Siguiendo en su argumento, más adelante plantea que: "Durante
los años de la Guerra Fría, hubo poca o ninguna tensión
entre estos dos objetivos fundamentales de la política americana.
El peligro del comunismo hacia las clases capitalistas en todo el
mundo, incrementado en Asia por la Revolución China, significó
que virtualmente todos estaban contentos de ser protegidos, asistidos
y vigilados por Washington."
"La desaparición de la URSS marcó la victoria
completa de los EE.UU. en la Guerra Fría. Pero, de la misma
manera, el nudo que ligaba los objetivos básicos de la estrategia
global americana se volvió más laxo. La misma lógica
ya no integró sus dos metas en un sólo sistema hegemónico.

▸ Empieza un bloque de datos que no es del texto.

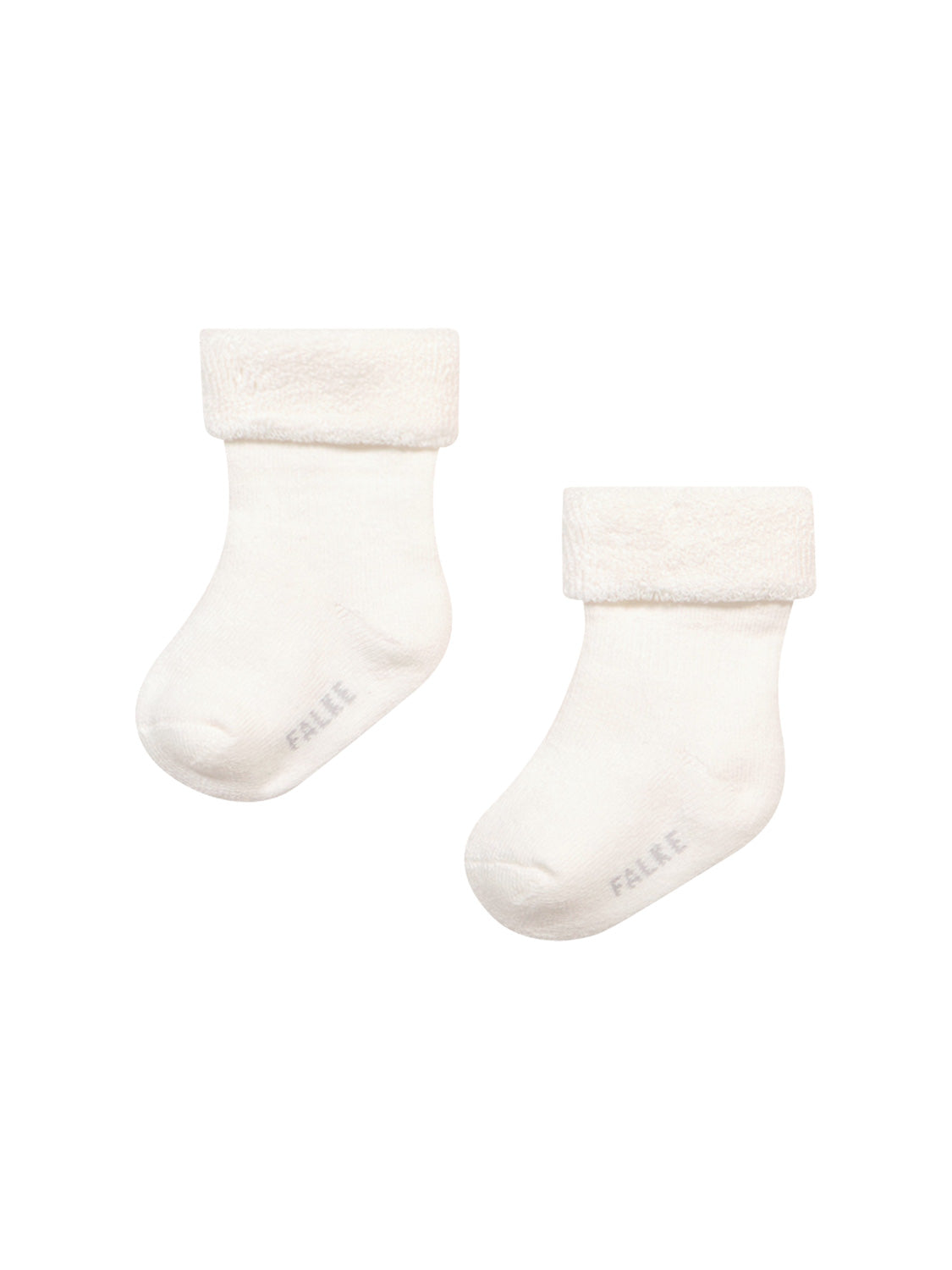 Falke Kids socks White in White 1690295566-3309495986-1.jpg | NICKIS.com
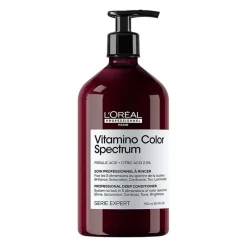 L’Oréal Professionnel Paris Soin conditionneur fixateur de couleur Vitamino Color Spectrum 750 ml Outlet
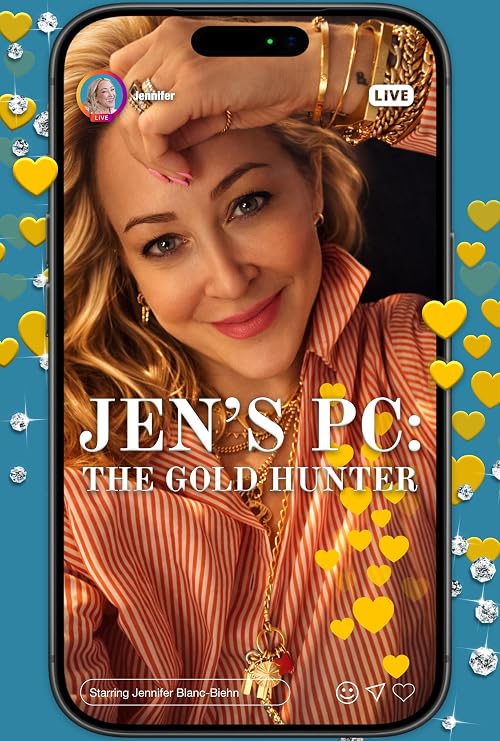 Jen's PC: The Gold Hunter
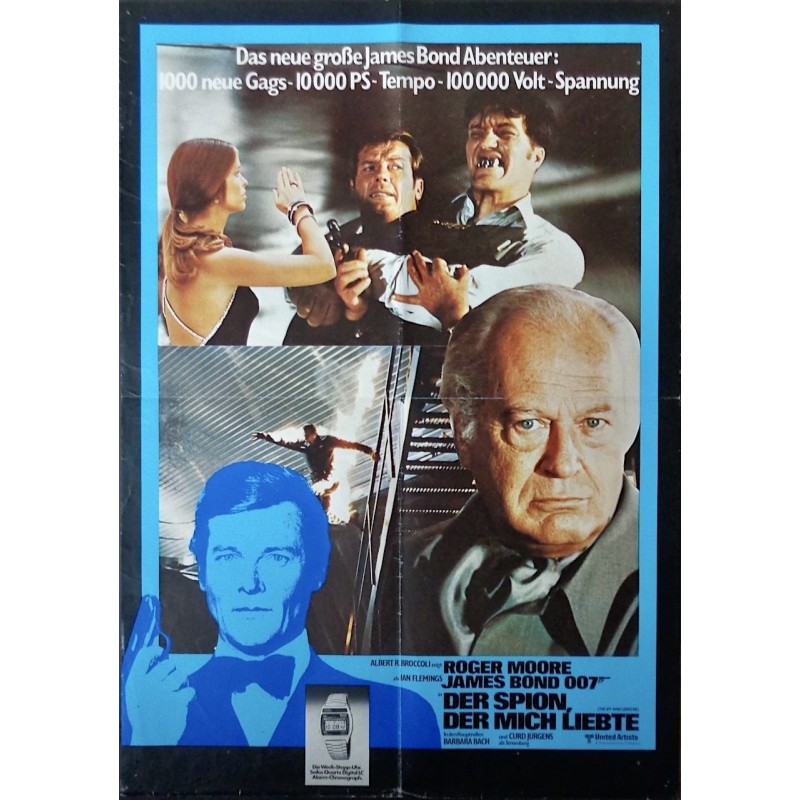 Spy Who Loved Me (German Seiko style C)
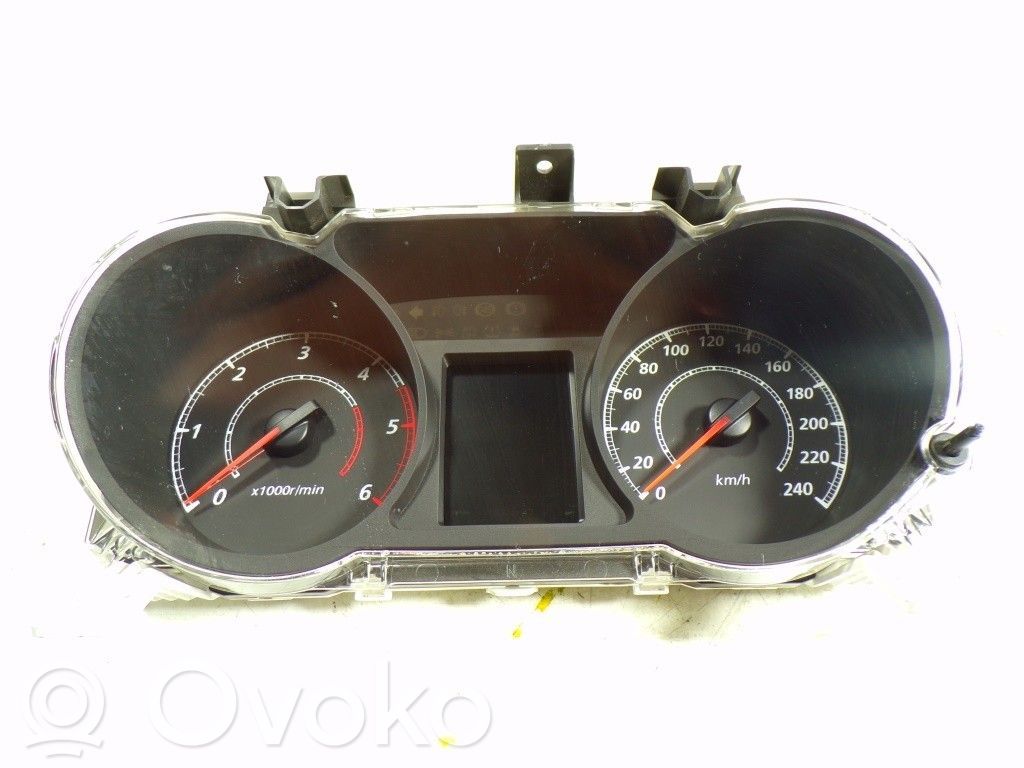 Geschwindigkeitsmesser Cockpit   8100C344,8100C344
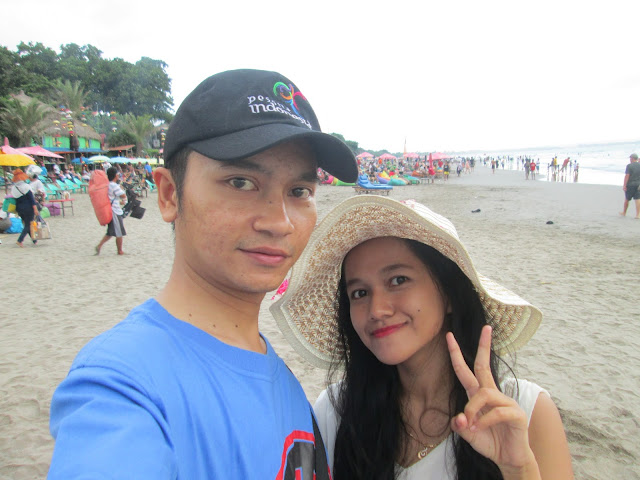 Pengalaman honeymoon di Bali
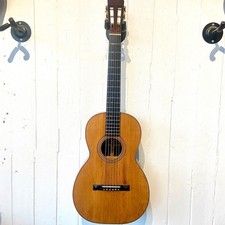 Martin 1-21 Parlour Guitar-Vintage 1869-1880 made in Nazareth USA Rare guitar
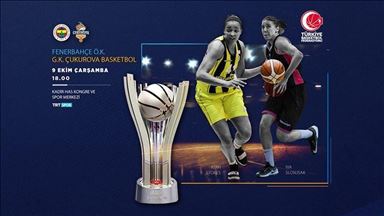 Fenerbahce hadapi Cukurova BK dalam final Piala Presiden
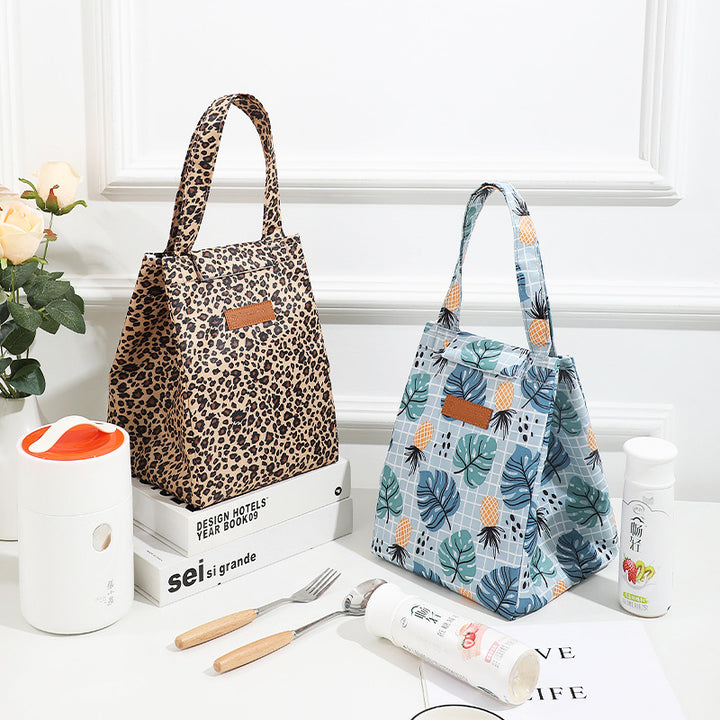 Stylish Insulated Lunch Cooler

Una vez que el peligro comunista fue barrido del tablero, la primacía
americana dejó de ser un requisito automático de la
seguridad del orden establecido tout court. Potencialmente, el campo
de las rivalidades inter-capitalistas, no ya solamente al nivel
de las empresas sino de estados, volvió a resurgir, mientras
-en teoría- los regímenes europeos de Asia oriental
podrían ahora contemplar grados de independencia inconcebibles
durante la época del peligro totalitario. Había otro
aspecto todavía para este cambio. Si la estructura consensual
del dominio americano ahora carecía de las mismas vigas externas,
su superioridad coercitiva, de un solo golpe, se reforzó
abrupta y masivamente. Porque con la desaparición de la URSS,
ya no había ninguna fuerza compensatoria en la tierra capaz
de resistir el poderío del ejército americano. Estos
cambios interrelacionados eventualmente se ligaron para alterar
el papel de los Estados Unidos en el mundo."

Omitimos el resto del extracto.